Speech by SEC Commissioner:
Current Developments
at the Securities and Exchange Commission

by

Commissioner Cynthia A. Glassman

U.S. Securities and Exchange Commission

Women in Housing and Finance
Washington, D.C.
May 16, 2003

Good afternoon. As a long-time WHF member and former Board member, I am especially pleased to have the opportunity to speak to you today. Before I begin, let me dispense with the standard disclaimer: The views I express here are my own and not necessarily those of the Securities and Exchange Commission or its staff.

This past year - my first at the Commission -has been a busy one. There has been a sea change in the securities laws, and it has been both fascinating and challenging to be a part of it. I'd like to give you a chronology of the highlights of what we have done and then briefly cover what we need to do next.

Much of the work of the Commission this past year, and without doubt much of the Commission's work to come, is in rulemaking. As an economist, I focus on whether the rules will be efficient and effective in accomplishing their objectives - and I worry a lot about unintended consequences.

There was no shortage of opportunities for me to analyze new rules this past year. In particular, rulemaking for Sarbanes-Oxley has kept the Commission and the staff very busy. Sarbanes-Oxley is perhaps the most significant piece of securities legislation in over 60 years. The rules fall into three major categories: improved disclosure, corporate governance, and higher professional standards.
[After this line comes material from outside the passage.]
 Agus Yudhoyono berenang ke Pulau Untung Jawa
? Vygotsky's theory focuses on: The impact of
Promulgating the rules to implement the law was and is demanding. Sarbanes-Oxley directed us to make rules in a wide range of areas and did not give us a lot of time within which to do so - for example, 90 days for some rules and 180 days for others. Congress passed the act in July. By November of last year, the Commission had adopted rules to require CEOs to certify quarterly and annual reports and to speed up the disclosure of personal securities trading by corporate insiders -- and we had announced the membership of the PCAOB Board. In addition, while not pursuant to Sarbanes-Oxley, we adopted a rule to accelerate the filing of quarterly and annual reports for certain issuers.
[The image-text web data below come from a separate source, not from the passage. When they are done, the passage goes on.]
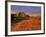 Badlands in the Little Missouri National Grasslands, North Dakota, USA-Chuck Haney-Framed Photographic Print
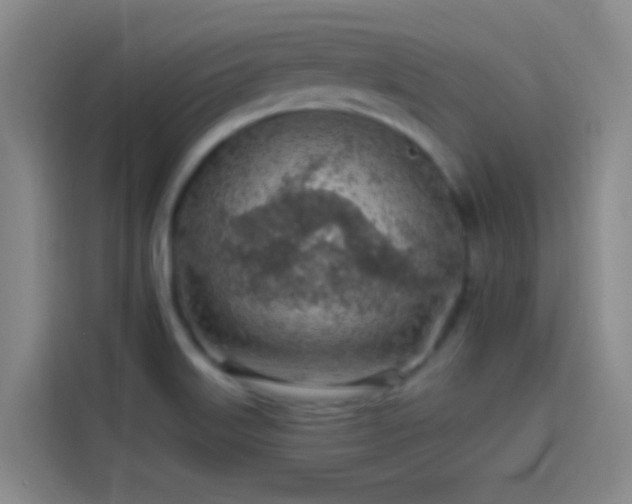 X0000114081515200910131226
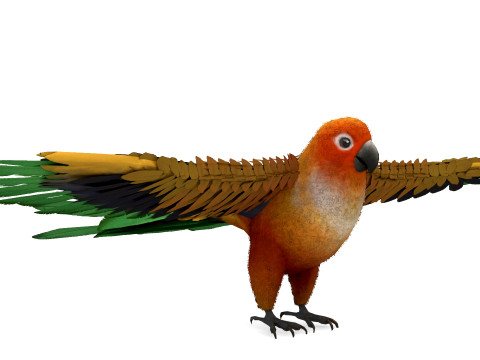Flame Macaw Modèle 3D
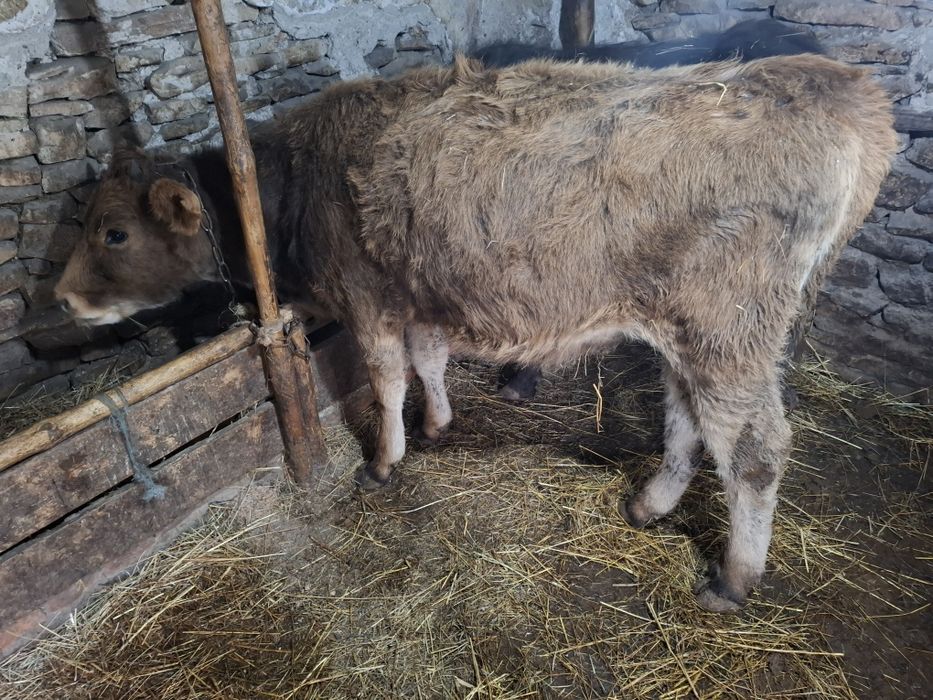 Продава се 2 телета женски и едно турме женско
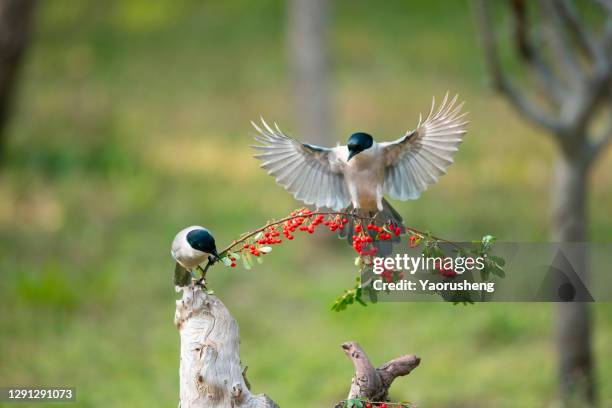 azure-winged magpie, (cyanopica cyanus) eating red fruit - ekster stockfoto's en -beelden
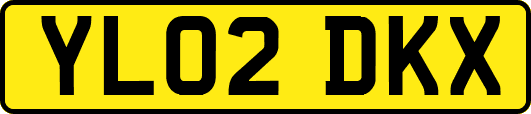 YL02DKX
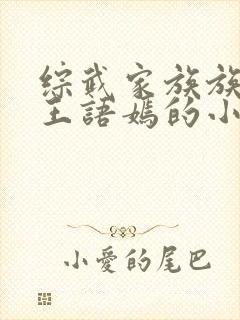 综武家族族长纳王语嫣的小说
In January, we adopted many more rules. We mandated heightened standards of auditor independence. We required the disclosure of off-balance sheet arrangements. We instructed that financial information prepared on a pro forma basis be reconciled to generally accepted accounting principles. We required issuers to disclose whether they have codes of ethics for executive officers. We also mandated that issuers disclose whether they have designated an "audit committee financial expert" on their audit committees. We required securities lawyers to report evidence of fraudulent corporate conduct "up the ladder" to the chief legal or chief executive officer of the corporation or, if necessary, the board of directors. Also, while not required by Sarbanes-Oxley, we adopted a rule mandating that registered management investment companies disclose how they vote proxies relating to portfolio securities they hold and file with the Commission the specific proxy votes they cast. And that's not the complete list.

The highlights of February were that we got a new chairman and it snowed a lot. Actually, in between all those snowstorms, we managed to adopt a rule, although not required by Sarbanes-Oxley, that directs those publishing research reports to include a certification by the analyst that the reports accurately reflect his or her personal views, and also requires that the analyst disclose whether or not he or she received compensation in connection with the stated views. In March, we proposed amendments to our rules and forms that would require companies to provide corporate officer certifications required by Sarbanes-Oxley, as exhibits to periodic reports, and we published interim guidance regarding filing procedures for the certifications. In April, we directed the stock exchanges and NASDAQ to prohibit listing the securities of any issuer that does not comply with Sarbanes-Oxley's audit committee requirements. In addition, we mandated the electronic filing and the website posting of the beneficial ownership reports of officers, directors and principal security holders of an issuer.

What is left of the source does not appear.